Spoiler Alert: This post is about the movie L’Avenir (Things To Come), and contains some important plot points

Nathalie, played by Isabelle Huppert, sits in the darkness inside a ferry with the white noise of the sea filling the space around her. Her children can be seen through a window, in light, outside. When her husband knocks on the glass, asking her to join them, the camera pans in to an essay she is grading, titled “Peut-on se mettre à la place de l’autre”, which means: Can we put ourselves in the place of the other?

They arrive at an island, where they visit the resting place of Chateaubriand, a great writer. Together, they observe the grave, a stone cross that faces the sea. One by one, they leave until only Heinz- the father- is left, staring into the horizon. It is then that the title “L’Avenir” appears.

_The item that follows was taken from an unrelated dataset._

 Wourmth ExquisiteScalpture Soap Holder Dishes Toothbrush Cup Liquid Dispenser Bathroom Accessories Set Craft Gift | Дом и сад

Heinz looking into the horizon

Throughout the film, we see four generations of Nathalie’s family struggling in different ways, looking towards their pasts and their futures. Each moment is not without the context of the last, and the uncertainty of the next one- and in all of them lies a pervading isolation.

We follow Nathalie through a divorce, the death of her mother, and the discontinuation of her published work. In regards to her essays, her publisher states, “The future seems compromised”, unknowingly speaking her mind.

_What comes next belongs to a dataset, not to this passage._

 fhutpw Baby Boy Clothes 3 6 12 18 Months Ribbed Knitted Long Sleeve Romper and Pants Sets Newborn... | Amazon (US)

Nathalie looking out the bus window

The loneliness that follows is most evident in her growing attention to her relationships. In an early scene, Nathalie’s mother calls in the middle of the night, and she is reasonably curt. When she visits and finds her mother confined to bed, she is ready to leave, barely looking at her while stating that she is in a rush. After Heinz leaves her, she becomes surprisingly attentive. A scene in her ex-husband’s summer home shows her desperately traveling a long distance down a beach and trudging through mud- left behind by a receded tide- just to find reception to call her mother.

When Nathalie’s mother dies, she is left with Pandora, a black cat that she never got along with. She tells Fabien, her protege, that Pandora is unbearable, and calls the cat many names during their time together. But when Pandora runs away, Nathalie spends the night wandering the edge of the woods and calling his name.

There’s another phenomenon that occurs, which is best explained by Raymond Carver’s short story “Why Don’t You Dance?”. In it, a young couple dances for a man who is selling all his belongings in a yard sale. When the man dances with the girl, she says “You must be desperate or something”. And afterwards- for several weeks- she tells everyone about what happened, as if she were trying to figure out how to feel about it.

Nathalie similarly tells the people in her life self-affirming things. “Don’t worry,” she says to Fabien, “I’m taking it very well.” Earlier on in the film, you watch as she talks to her husband from behind a newspaper, or to her mother while organizing the fridge. Now, when she speaks, she looks attentively for reactions.

Car ride with Fabien

19th century philosopher Jean Paul Sartre proposed the idea that people are “condemned to be free.” Because there is no creator, there is no plan for us, and we are solely responsible for ourselves. If that is true, then we all live and die alone.

When Nathalie cries- with her cat in her otherwise empty room- while living in a house filled with people, I can’t help but think of her exclaimation to Fabien that she has “Total Freedom”. Loneliness is typically thought of as a lack of company, but existential loneliness comes from the uncertainty of the path ahead of you. With all of her relationships changing, Nathalie is no longer certain of the role she plays, and feels lonely because of it. She searches for direction in the reactions of those around her, and only finds that she- like the rest of her world- is changing.

There is redemption for Nathalie at the end of the film, symbolized by Fabien’s adoption of her cat- an indication of her willingness to let go. We find her among her children, and her daughter Chloe’s growing family, where she lovingly cares for her new grandchild, and as the camera pans away from her, she croons “À la claire fontaine” in a room that feels warm, comforting, and filled with love.